The first two were those of Reber in the early 1980’s. These two imports were composed of not only Moriscari, but also the pigeons of a fancier named Gheorgescu of Bucharest, which Reber had aqquired second hand from the Hungarians in the late 1970’s. The Gheorgescu Galati are typically Barred Ash Red Selfs with the occassional Cream, very long of type, medium in size, the wings typically below the tail and with a semi cubical head. This is completely contrary to the Moriscari in many ways. In the air, the Gheorgescu (contrary to the claims put up by many early advertisers of the Reber import lines) are short rolling tumblers with a duration of 4 to 8 hours on an average day. Over the last decade and a half, due to incorrect breeding, the Moriscari exported by Reber have been lost through homogenization with the Gheorgescu Galati. As a consequence of crossing the two types, the descendents of the Reber imports have undergone a complete ruination at the hands of American breeders, but as many of those who had involvement in the Reber importation regarded the Galati which were imported as “a dissappointment”, it is quite likely that this ruination actually began in Germany and was simply carried to North America with the birds. In reviewing the original records of the imports by Reber, it becomes clear that there was a great deal to be desired of the information about the birds sent over. With this in mind, the fact that none of the blood of the Reber imports in all but the Kelebeks has gone on to enhance the flying culture of the American Rare Breeds fancy illustrates that more and better information was needed. Subsequently, the Reber importation has largely become nothing but “show waste”, which is a greater punishment than extinction for what are intended to be flying pigeons.

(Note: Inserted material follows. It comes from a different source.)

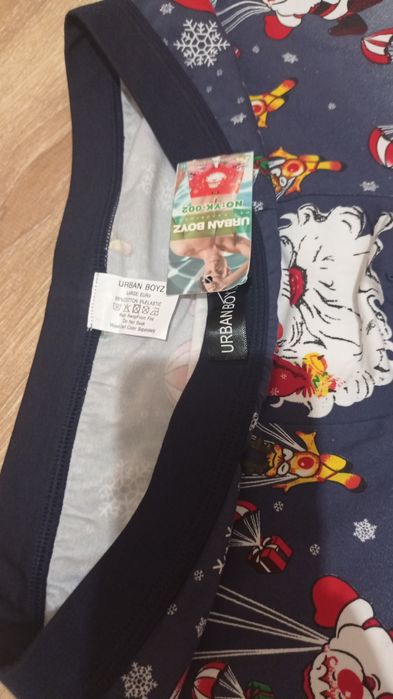 Піжіма Міккі нова. Дісней розмір L . Бавовна. унісекс.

With lack lustre stock, opposed to giving up, those interested simply arranged for the genuine article from the top Romanian lofts.

In late 1997, myself and the late Gary Blain imported two pairs from the city of Sighisoara of the pure Gheorgescu Galati. That same year, a 20 bird shipment reached Toronto’s Slavic Quarter, representing 6 sub-varieties of Galati from top studs in East Romania.

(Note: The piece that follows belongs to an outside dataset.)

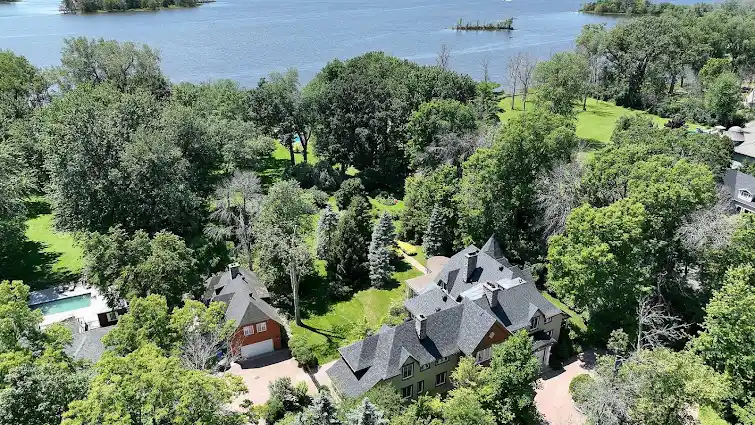 House - photo 1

Then, earlier this year I received an invite from a friend in the city of Sighisoara that I could not refuse. For nearly two weeks I toured lofts in Romania, especially those of the old time masters of this breed and put every conceivable question a journalist can muster to these remaining masters of the breed in its homeland, especially to a new friend by the name of Gica, who is the son of the great Nikola Mironescu. Gica was also kind enough to present me with a gift of a hand picked top pair from his old bird kit to take back to the United States. Over those 13 days I took in no sites, no bus tours of the Carpathians, no musuems, no trendy restaraunts, no bad Romanian films and none of the other tourist bunk, because for this fancier, there is no greater sight than a kit of pigeons, especially those cleaving through their native sky above the loft of their grandmasters. Totally, I saw 73 kits over that trip and the days seemed to run into each other for each day lasted well into the night and by 6 AM we were out seeing pigeons again.

The Galati on this continent today, of which over 300 are already registered with the SouthEast European and Russian Breeds Club (as of Oct.99) trace primarily back to the Sighisoara import of ‘97 and the East Romanian ‘97 import opposed to the descendents of the Reber import, altho even this early on, there are a great number of demands for pairs off the Mironescu pair, as can be easily understood. Hopefully, this is a sign that that a new life has come into the breed on this continent as a flying pigeon.


----------



## logangrmnr (Jul 14, 2010)

If anyone is looking here's my site. 
http://galatirollers.weebly.com/


----------



## lordcornwallis (May 2, 2010)

there smashing pigeons LOGANGRMNR well done and good luck mate !


----------



## logangrmnr (Jul 14, 2010)

Thank you. It was hard to find them but luck would have it a Romanian transplant lived so close to me.


----------